К назначенному часу в прекрасный осенний день на большом открытом месте, недалеко от одной из пристаней, собралось очень много представляющихся. Наше управление явилось в полном составе и в парадной форме. Когда Столыпин обходил наши ряды и моя фамилия была названа ему, он остановился и громко сказал: «Я знаю вас хорошо по вашим докладам, которые я постоянно читаю. Спасибо!» Я поклонился в ответ на эти значительные для моего служебного честолюбия слова, противоположные словам генерала Таубе. Никогда ещё за всю мою службу в Корпусе жандармов я не чувствовал себя столь вознаграждённым за все мои труды! Слова Столыпина, сказанные громко, в присутствии моих сослуживцев и других лиц местной администрации, конечно, очень подняли меня в их глазах и упрочили моё служебное положение. Эту лестную столыпинскую оценку моей служебной деятельности я затем всегда причислял к лучшим своим достижениям.

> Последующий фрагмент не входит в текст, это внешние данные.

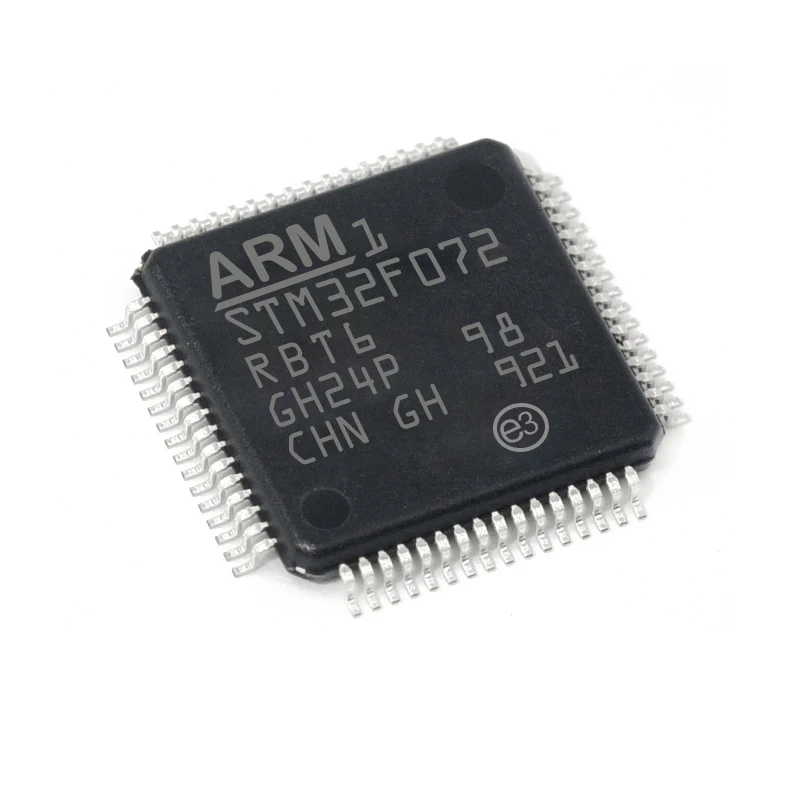 Полупроводниковые компоненты новый оригинальный набор микросхем STM32F072RBT6 QFP интегральных Схем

Ровно через год этого человека не стало. Да будет мне позволено несколько остановиться на этом трагическом для России событии, хотя я и не был его непосредственным свидетелем.
Первое известие о покушении на жизнь П.А. Столыпина и ранении его в Киевском театре я получил по телефону от одного из служащих нашего районного охранного отделения в то время, когда я находился на своей квартире. Я был потрясён. Основываясь на своём понимании тогдашнего революционного подполья в России, я не мог ожидать организованного террористического акта. Подпольные организации того времени, особенно эсеровские, от коих, собственно, тогда и могли только исходить террористические попытки, были, с одной стороны, разгромлены силами власти, а с другой, морально разрушены историей с Азефом и продолжающимися пересудами о провокации.
И тогда и теперь, когда вскрылось столь многое, что прежде было тайным, и когда появилось так много мемуаров и воспоминаний всякого рода, я остался при одном убеждении: убийство Столыпина исходило из сложных ощущений «раздавленной» души отдельного лица, в данном случае Богрова. Всё дело, весьма запутанное и осложнённое второстепенными обстоятельствами, и выяснение мотивов, толкнувших Богрова на роковой шаг, собственно говоря, требуют писательского таланта Достоевского. Только тогда они будут достаточно убедительны для читателя.
В Киеве в это время руководил политическим розыском некий, в то время жандармский подполковник, недоброй памяти Н.Н. Кулябко.